Reproduction following the instructions on Using HDFS Caching with Impala (CDH 5.1 or higher only):

  1. create a cache pool:
    hdfs cacheadmin -addPool test_pool -owner impala -limit 1048576
  2. add table to cache pool: e.g. test_table with  location '/tmp/cache_test'
    alter table test_table set cached in 'test_pool';
  3. check stats in cacheadmin and table stats: (everything ok)
    hdfs cacheadmin -listPools -stats
    # impala-shell:
    show table stats test_table;
  4. put new file to cached partition: e.g. hdfs dfs -put test.tsv /tmp/cache_test
  5. now cacheadmin detects the change and updated the FILES_NEEDED and BYTES_NEEDED and after a while BYTES_CACHED and FILES_CACHES are updated
  6. but impala 'show table stats' still has the same numbers
  7. stats only updated after calling 'refresh test_table;'

 

Question: is the statement in the documentation correct that impala can automatically detect file changes if HDFS caching is used?

 

 

I have tried so far:

  • ... with external and internal impala tables
  • ... cache the entire table or specific partiions
  • and waited for a long time.

 

Explorer
Posts: 16
Registered: ‎11-13-2014

Re: Impala doesn't detect file changes automatically using HDFS Cache

Can someone chime in and say the documentation is wrong please?

 

The documentation clearly says "When files are added to a table or partition whose contents are cached, Impala automatically detects those changes and performs a REFRESH automatically once the relevant data is cached. "

 

Are we doing it wrong, or are the Cloudera documents false and misleading?

 

Thanks.

Cloudera Employee
Posts: 307
Registered: ‎10-16-2013

Re: Impala doesn't detect file changes automatically using HDFS Cache

Thanks for the report.
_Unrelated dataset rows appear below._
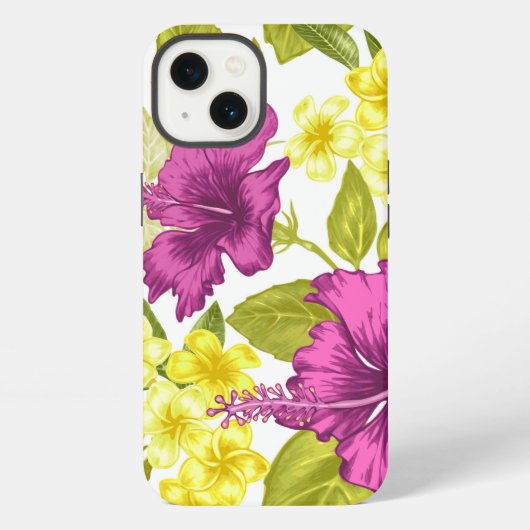大胆な花柄プリント iPhoneケース (裏面)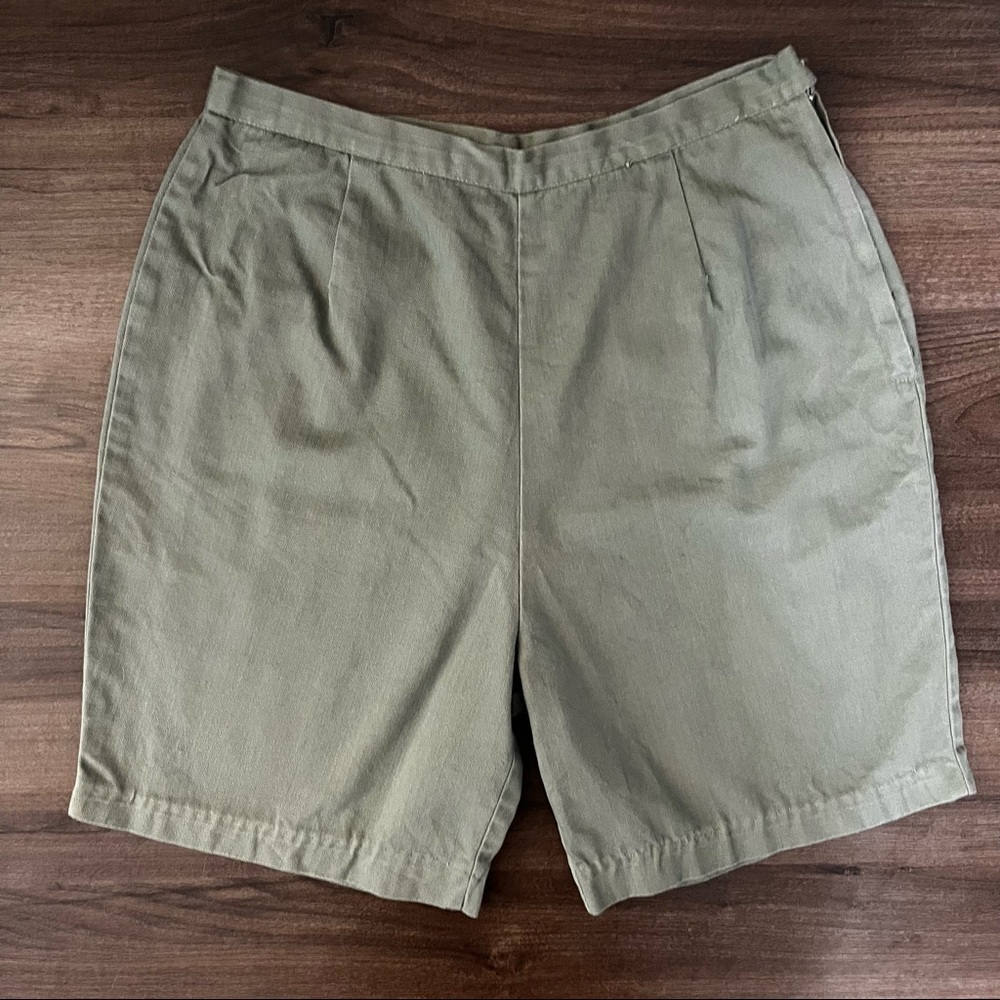 3/$30 Vintage Green High Waist Shorts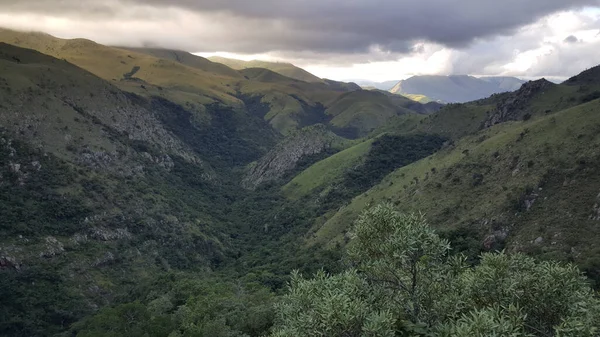 Paisaje Parque Nacional Malolotja Una Reserva Natural Suazilandia — Foto de Stock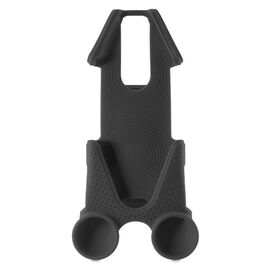 Держатель для смартфона Bone Collection BIKE TIE SPEAKER, силикон, на руль, 4.0'-6.3', черный, 07-173010, изображение  - НаВелосипеде.рф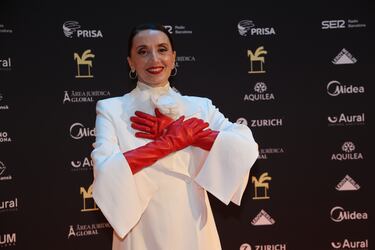 La cantante este año fue premiada con el Ondas a su Trayectoria en la música.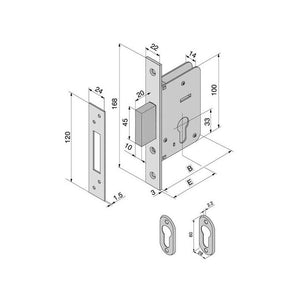 Serratura Inf.Legno 020.50.00.04Be Welka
The documentation is wrong.

 

A REFRESH is always needed to pick up changes to table data that were made from tools other than Impala.

 

I'll follow up with our docs team to get this fixed.

Explorer
Posts: 16
Registered: ‎11-13-2014

Re: Impala doesn't detect file changes automatically using HDFS Cache

Thanks for the update.
Highlighted
Explorer
Posts: 16
Registered: ‎11-13-2014

Re: Impala doesn't detect file changes automatically using HDFS Cache

Thanks again, and please be aware the incorrect text is also found here:
https://www.cloudera.com/documentation/enterprise/5-8-x/topics/impala_perf_hdfs_caching.html

 

"When data is requested to be pinned in memory, that process happens in the background without blocking access to the data while the caching is in progress. Loading the data from disk could take some time. Impala reads each HDFS data block from memory if it has been pinned already, or from disk if it has not been pinned yet. When files are added to a table or partition whose contents are cached, Impala automatically detects those changes and performs a REFRESH automatically once the relevant data is cached."